BEGIN Material for this exercise

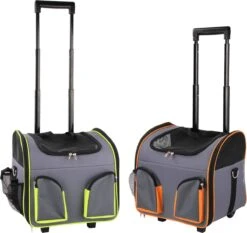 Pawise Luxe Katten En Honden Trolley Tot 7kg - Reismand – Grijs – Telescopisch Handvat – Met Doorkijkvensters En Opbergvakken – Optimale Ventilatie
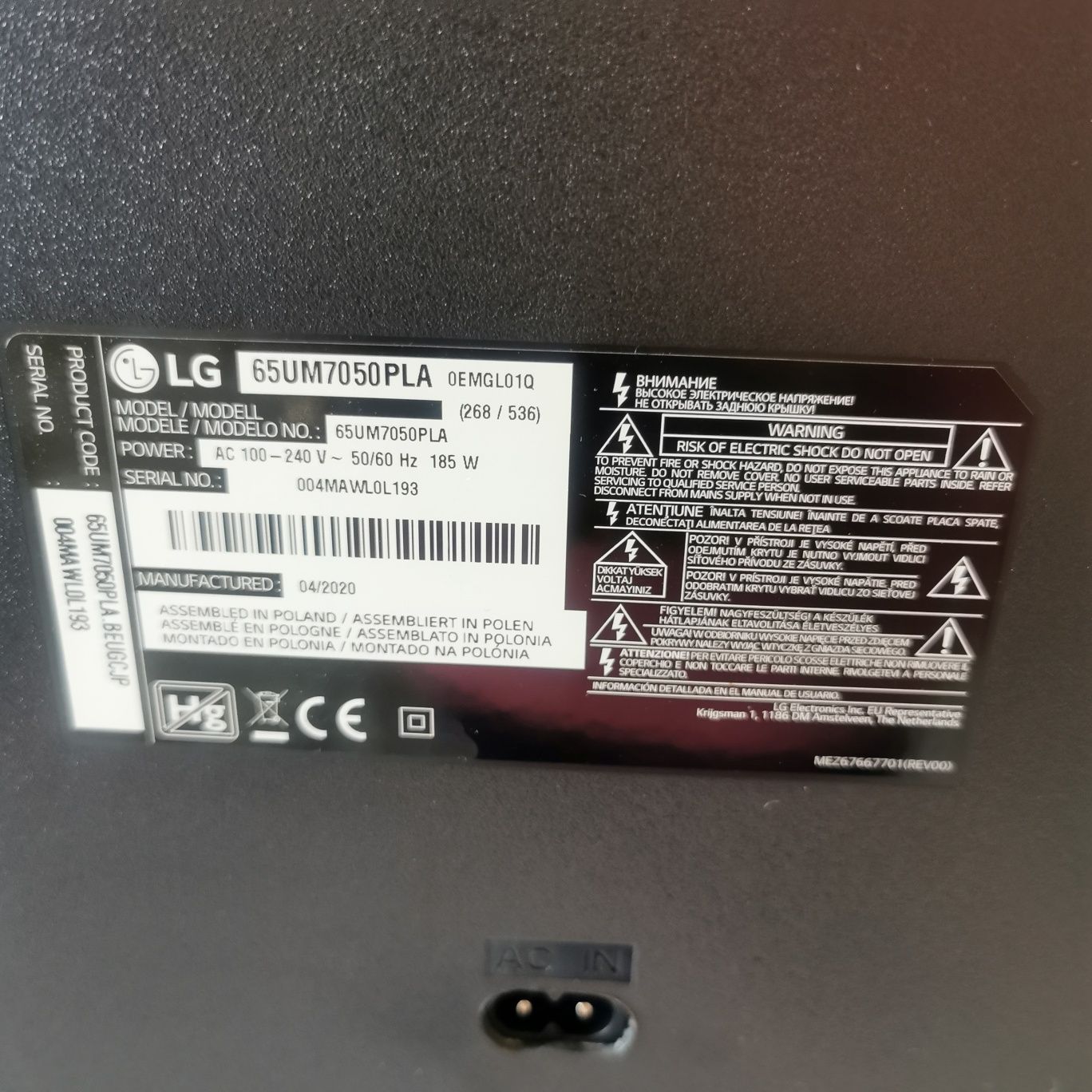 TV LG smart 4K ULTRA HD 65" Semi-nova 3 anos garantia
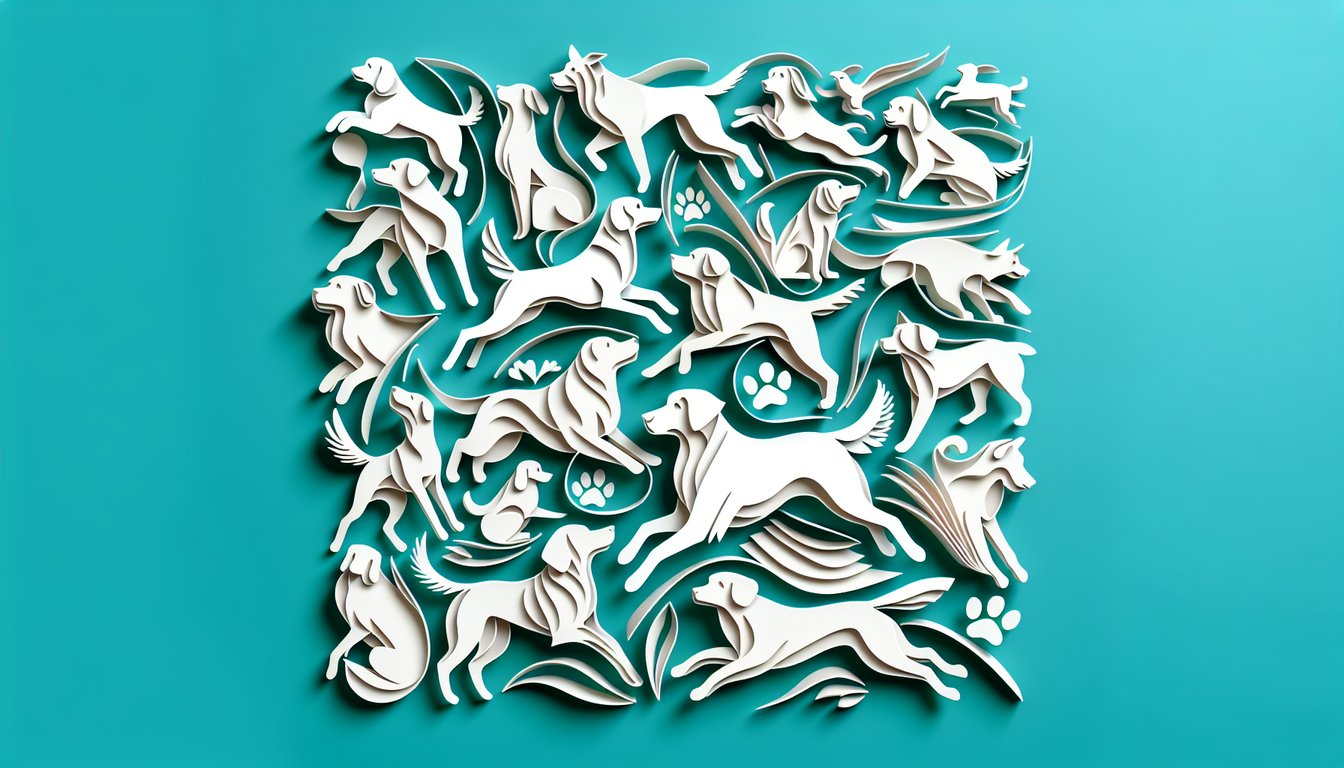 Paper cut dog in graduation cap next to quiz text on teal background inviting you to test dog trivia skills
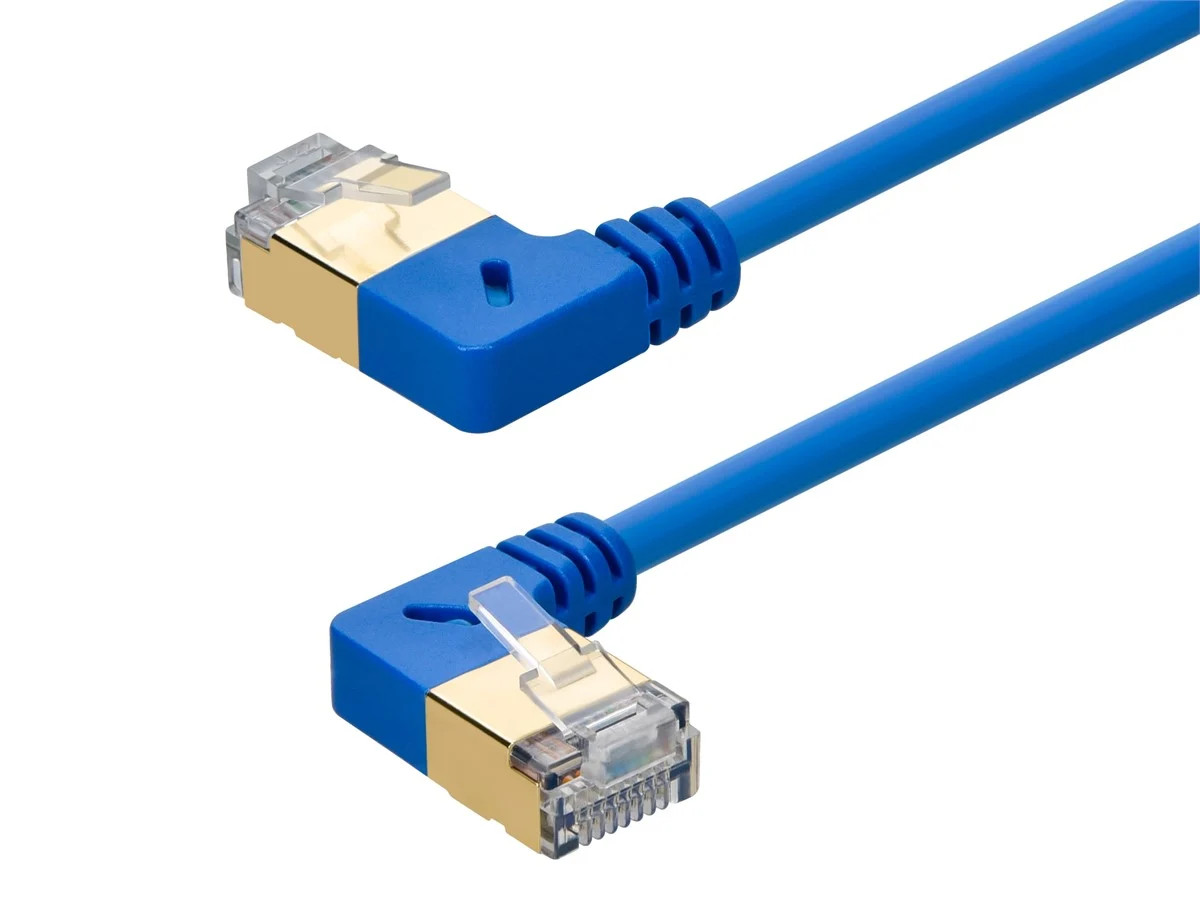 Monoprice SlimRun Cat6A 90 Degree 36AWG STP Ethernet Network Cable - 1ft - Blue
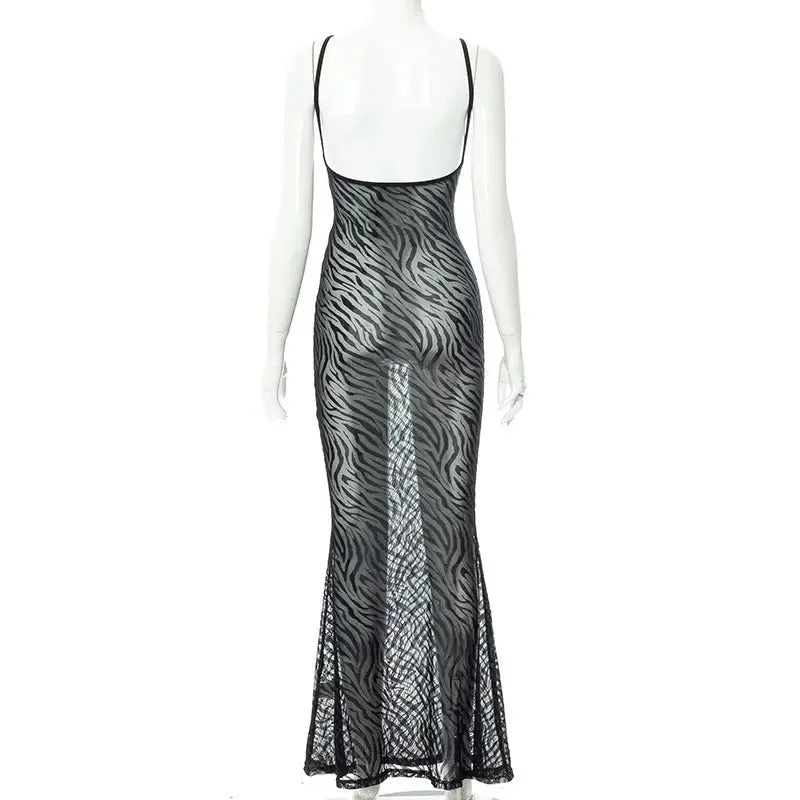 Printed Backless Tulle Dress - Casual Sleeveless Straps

END Material for this exercise

:: To do ::
The lines to copy begin at the one containing "Monoprice SlimRun Cat6A" and end at the last line of the records. Set down exactly those lines and no others, both ends included, and omit all pictures.

:: Solution to this problem ::
 Monoprice SlimRun Cat6A 90 Degree 36AWG STP Ethernet Network Cable - 1ft - Blue
 Printed Backless Tulle Dress - Casual Sleeveless Straps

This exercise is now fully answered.